= Pseudoalleles =

Pseudoallelism refers to a genetic phenomenon in which two or more functionally related loci are so closely linked on a chromosome that they were historically interpreted as alleles of a single gene.

Pseudoalleles typically affect the same phenotype and may fail to complement in some genetic tests, leading early geneticists to classify them as multiple alleles of one gene. However, recombination between such rare loci demonstrates that they are distinct genetic units.

The concept was developed in the mid-twentieth century through studies of closely linked mutations in Drosophila. Notably, Edward B. Lewis introduced the term "pseudoalleles" to describe loci that behaved as alleles genetically but could be separated by crossing over, demonstrating that what had been considered a single gene could consist of multiple closely linked functional elements.

Lewis’s work on loci such as Star and asteroid in Drosophila showed that recombination could occur within what had been assumed to be a single gene, leading to the concept of intragenic recombination and refining the classical gene concept.

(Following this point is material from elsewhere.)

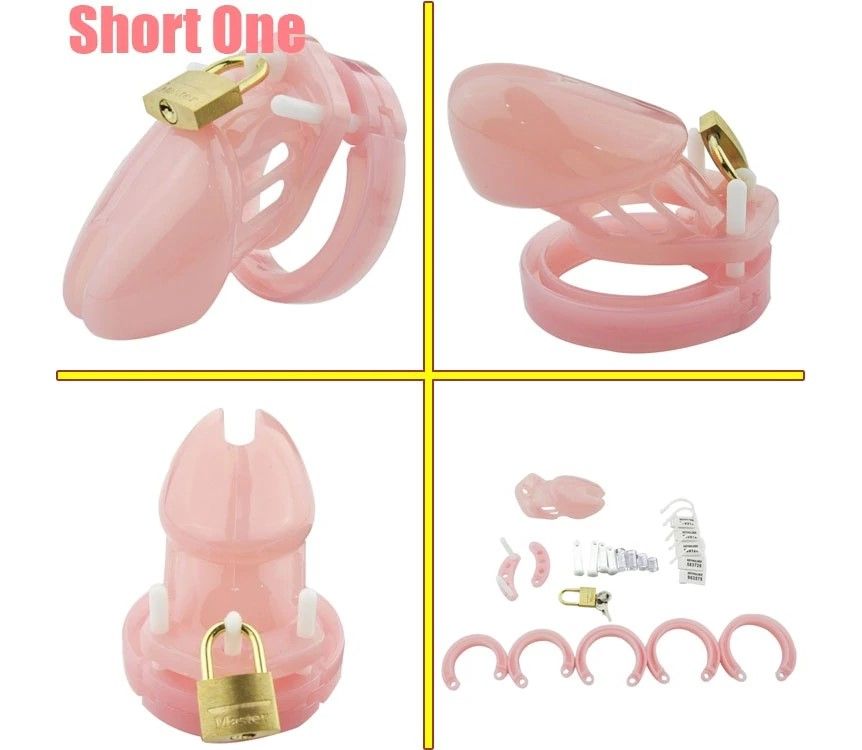 House Of Dasein Plastic Male Chastity Locking Cock Cage Bondage Kink Fetish Restraints - Pink - Short V1257-30581498445962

Similarly, Lewis demonstrated pseudoallelism at the white locus in Drosophila, showing that recombination could occur between closely linked functional units previously thought to be alleles.

In his analysis of the bithorax complex in Drosophila, Lewis described a cluster of closely linked, functionally related loci behaving as pseudoalleles, which together control segmental identity during development.

Pseudoallelism was historically important because it challenged the early view, associated with Thomas Hunt Morgan, that genes were discrete, indivisible units. Instead, it suggested that genes could be structurally complex and that genome organization might influence gene function.

Characteristics of pseudoalleles include:

- Extremely close genetic linkage, with rare recombination between loci
- Effects on the same phenotype or biological function
- Apparent allelism in complementation tests despite being distinct genetic loci

==Modern interpretation==
With the advent of molecular genetics, most classical cases of pseudoallelism are now understood as tightly linked but distinct genes, often arising through gene duplication. These genes may retain related or partially redundant functions and can form part of larger gene clusters, such as the Hox gene complexes.

As a result, the term pseudoallelism is now largely of historical interest, reflecting an intermediate stage in the development of the modern gene concept rather than a distinct molecular mechanism.

==Examples==
- The white and apricot loci in Drosophila
- The Star and asteroid loci described by Lewis
- Gene clusters such as the Hox gene complexes were historically interpreted as systems of pseudoalleles.